The commission notes that, although the appeal tribunal decision was premised on a conclusion that the employee quit with good cause attributable to the employer, where an employee asserts that he was physically unable to perform the job, the separation is customarily analyzed under Wis. Stat. § 108.04(7)(c), which permits a worker to voluntarily terminate employment where he had no reasonable alternative because he was unable to do his work, but only where he has pursued and exhausted reasonable alternatives short of quitting and remains generally able to work and available for work after quitting. The commission has considered whether the employee's quitting could fall within the statutory exception contained in Wis. Stat. § 108.04(7)(c), but concludes it cannot. The employee did not pursue, let alone exhaust, reasonable alternatives to quitting, where he never notified the employer that he was medically unable to perform the assigned work. Moreover, the employee did not present any medical evidence demonstrating that the work he was performing was adverse to his health, nor did he contend that his doctor advised him to quit.

The commission therefore finds that in week 42 of 2004, the employee voluntarily terminated his work with the employer, and that his quitting was not with good cause attributable to the employer, within the meaning of Wis. Stat. § 108.04(7)(b), or for any other reason permitting the immediate payment of benefits.

The commission further finds that the employee was paid benefits in weeks 42 through 52 of 2004 and weeks 1 through 8 of 2005, in the total amount of $3,464, for which he was not eligible and to which he was not entitled, within the meaning of Wis. Stat. § 108.03(1). Pursuant to Wis. Stat. § 108.22(8)(a), he is required to repay such sum to the Unemployment Reserve Fund.

The commission further finds that waiver of benefit recovery is not required under Wis. Stat. § 108.22(8)(c), because although the overpayment did not result from the fault of the employee as provided in Wis. Stat. § 108.04(13)(f), the overpayment was not the result of a department error. See Wis. Stat. § 108.22(8)(c)2.

DECISION

The decision of the administrative law judge is reversed.
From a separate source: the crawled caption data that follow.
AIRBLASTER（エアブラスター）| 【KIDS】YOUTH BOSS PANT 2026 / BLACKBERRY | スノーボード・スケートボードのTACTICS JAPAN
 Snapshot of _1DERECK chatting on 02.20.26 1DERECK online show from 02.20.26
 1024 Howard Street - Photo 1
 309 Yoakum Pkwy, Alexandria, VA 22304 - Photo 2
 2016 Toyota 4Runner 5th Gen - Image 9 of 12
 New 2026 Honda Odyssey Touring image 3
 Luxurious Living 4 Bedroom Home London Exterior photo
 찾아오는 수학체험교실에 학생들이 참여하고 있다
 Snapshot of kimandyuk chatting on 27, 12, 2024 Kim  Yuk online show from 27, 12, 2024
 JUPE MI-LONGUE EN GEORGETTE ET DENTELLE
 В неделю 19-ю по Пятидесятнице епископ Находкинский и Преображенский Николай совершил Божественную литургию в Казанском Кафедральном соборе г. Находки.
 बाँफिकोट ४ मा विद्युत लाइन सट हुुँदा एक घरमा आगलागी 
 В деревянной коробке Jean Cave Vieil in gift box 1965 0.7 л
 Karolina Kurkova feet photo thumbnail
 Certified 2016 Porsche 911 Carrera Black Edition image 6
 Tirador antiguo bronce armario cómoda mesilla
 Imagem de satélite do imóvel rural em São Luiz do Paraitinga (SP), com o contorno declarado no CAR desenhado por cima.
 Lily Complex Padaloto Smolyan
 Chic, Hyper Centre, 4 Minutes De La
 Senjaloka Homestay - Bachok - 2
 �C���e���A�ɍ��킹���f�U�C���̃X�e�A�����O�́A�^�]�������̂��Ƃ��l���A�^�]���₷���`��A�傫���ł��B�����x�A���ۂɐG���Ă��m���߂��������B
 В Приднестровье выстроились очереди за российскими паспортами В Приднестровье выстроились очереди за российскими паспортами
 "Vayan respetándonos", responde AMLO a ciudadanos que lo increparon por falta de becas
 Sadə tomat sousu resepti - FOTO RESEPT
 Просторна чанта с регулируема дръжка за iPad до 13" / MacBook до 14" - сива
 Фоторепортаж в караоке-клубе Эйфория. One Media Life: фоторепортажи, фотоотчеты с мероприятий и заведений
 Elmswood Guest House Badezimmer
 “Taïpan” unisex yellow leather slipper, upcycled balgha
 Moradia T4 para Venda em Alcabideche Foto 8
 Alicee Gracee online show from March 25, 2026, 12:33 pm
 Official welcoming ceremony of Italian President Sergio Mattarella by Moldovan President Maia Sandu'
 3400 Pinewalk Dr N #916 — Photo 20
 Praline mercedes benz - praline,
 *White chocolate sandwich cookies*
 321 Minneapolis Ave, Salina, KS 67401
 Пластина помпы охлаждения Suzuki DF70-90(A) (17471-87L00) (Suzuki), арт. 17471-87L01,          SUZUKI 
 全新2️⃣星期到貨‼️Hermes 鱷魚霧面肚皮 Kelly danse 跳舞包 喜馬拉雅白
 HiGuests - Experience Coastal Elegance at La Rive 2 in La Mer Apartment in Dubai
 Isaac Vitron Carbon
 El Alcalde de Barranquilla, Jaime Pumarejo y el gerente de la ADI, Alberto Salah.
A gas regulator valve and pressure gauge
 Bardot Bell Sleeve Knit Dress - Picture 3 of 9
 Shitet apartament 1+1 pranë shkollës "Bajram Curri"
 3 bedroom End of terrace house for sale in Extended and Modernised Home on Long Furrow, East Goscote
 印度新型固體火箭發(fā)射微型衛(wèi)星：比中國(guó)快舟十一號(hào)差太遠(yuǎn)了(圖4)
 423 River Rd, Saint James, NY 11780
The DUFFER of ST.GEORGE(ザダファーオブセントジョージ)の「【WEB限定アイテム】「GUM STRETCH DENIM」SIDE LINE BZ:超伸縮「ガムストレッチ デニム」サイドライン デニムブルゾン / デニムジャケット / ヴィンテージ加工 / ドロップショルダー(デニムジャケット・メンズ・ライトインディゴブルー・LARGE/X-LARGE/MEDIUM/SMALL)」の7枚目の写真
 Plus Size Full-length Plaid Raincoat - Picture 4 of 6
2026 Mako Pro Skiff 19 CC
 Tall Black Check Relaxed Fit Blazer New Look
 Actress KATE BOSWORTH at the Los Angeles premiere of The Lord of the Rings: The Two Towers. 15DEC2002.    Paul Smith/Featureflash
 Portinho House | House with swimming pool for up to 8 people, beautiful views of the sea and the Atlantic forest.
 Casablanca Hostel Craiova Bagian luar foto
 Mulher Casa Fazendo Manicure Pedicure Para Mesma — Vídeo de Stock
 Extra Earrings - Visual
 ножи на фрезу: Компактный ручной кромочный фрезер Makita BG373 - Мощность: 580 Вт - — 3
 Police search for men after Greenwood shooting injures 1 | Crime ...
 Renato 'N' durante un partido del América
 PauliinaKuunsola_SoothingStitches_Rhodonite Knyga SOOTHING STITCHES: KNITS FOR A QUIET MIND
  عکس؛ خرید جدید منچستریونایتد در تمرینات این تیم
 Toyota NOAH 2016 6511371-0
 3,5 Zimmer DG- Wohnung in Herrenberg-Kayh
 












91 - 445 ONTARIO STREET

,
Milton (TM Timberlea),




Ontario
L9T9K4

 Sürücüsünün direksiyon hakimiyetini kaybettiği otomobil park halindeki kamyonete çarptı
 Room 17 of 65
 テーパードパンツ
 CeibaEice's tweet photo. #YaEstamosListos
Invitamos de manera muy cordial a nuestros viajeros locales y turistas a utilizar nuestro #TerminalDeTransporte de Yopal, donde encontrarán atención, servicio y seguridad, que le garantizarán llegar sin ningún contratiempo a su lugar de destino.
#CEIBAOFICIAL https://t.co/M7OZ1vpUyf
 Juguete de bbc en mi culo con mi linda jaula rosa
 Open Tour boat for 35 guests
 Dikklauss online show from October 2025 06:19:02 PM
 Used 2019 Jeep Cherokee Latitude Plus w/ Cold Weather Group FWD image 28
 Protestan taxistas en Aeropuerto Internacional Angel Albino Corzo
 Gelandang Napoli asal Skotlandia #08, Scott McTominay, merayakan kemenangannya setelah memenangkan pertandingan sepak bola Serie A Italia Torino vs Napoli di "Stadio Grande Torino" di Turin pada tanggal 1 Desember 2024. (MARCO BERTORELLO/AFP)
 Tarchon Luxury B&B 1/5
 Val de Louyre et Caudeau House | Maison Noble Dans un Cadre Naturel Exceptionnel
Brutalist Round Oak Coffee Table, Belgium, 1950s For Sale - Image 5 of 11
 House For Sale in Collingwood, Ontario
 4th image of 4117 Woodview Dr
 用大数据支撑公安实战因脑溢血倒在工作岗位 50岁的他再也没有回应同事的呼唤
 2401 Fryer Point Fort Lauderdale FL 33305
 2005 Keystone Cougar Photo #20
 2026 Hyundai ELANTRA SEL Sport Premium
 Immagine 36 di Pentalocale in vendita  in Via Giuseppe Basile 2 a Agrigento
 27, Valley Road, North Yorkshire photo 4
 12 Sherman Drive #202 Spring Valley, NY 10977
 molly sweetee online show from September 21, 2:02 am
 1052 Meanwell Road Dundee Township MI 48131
Accordingly, the employee is ineligible for benefits beginning in week 42 of 2004 and until four weeks have elapsed since the end of the week of quitting and he has earned wages in covered employment performed after the week of quitting equaling at least four times the employee's weekly benefit rate which would have been paid had the quitting not occurred. He is required to repay the sum of $3,464 to the Unemployment Reserve Fund.

Dated and mailed March 11, 2005
deceljo . urr : 164 : 1 VL 1059.204  VL 1080.22

/s/ James T. Flynn, Chairman

/s/ David B. Falstad, Commissioner

/s/ Robert Glaser, Commissioner


NOTE: The commission did not confer with the appeal tribunal regarding witness credibility and demeanor. The commission's reversal is not based upon a differing assessment of credibility, but is as a matter of law.

Repayment instructions will be mailed after this decision becomes final. The department will withhold benefits due for future weeks of unemployment in order to off set overpayment of U.I. and other special benefit programs that are due to this state, another state, or to the federal government.

Contact the Unemployment Insurance Division, Collections Unit, P. O. Box 7888, Madison, WI 53707, to establish an agreement to repay the overpayment.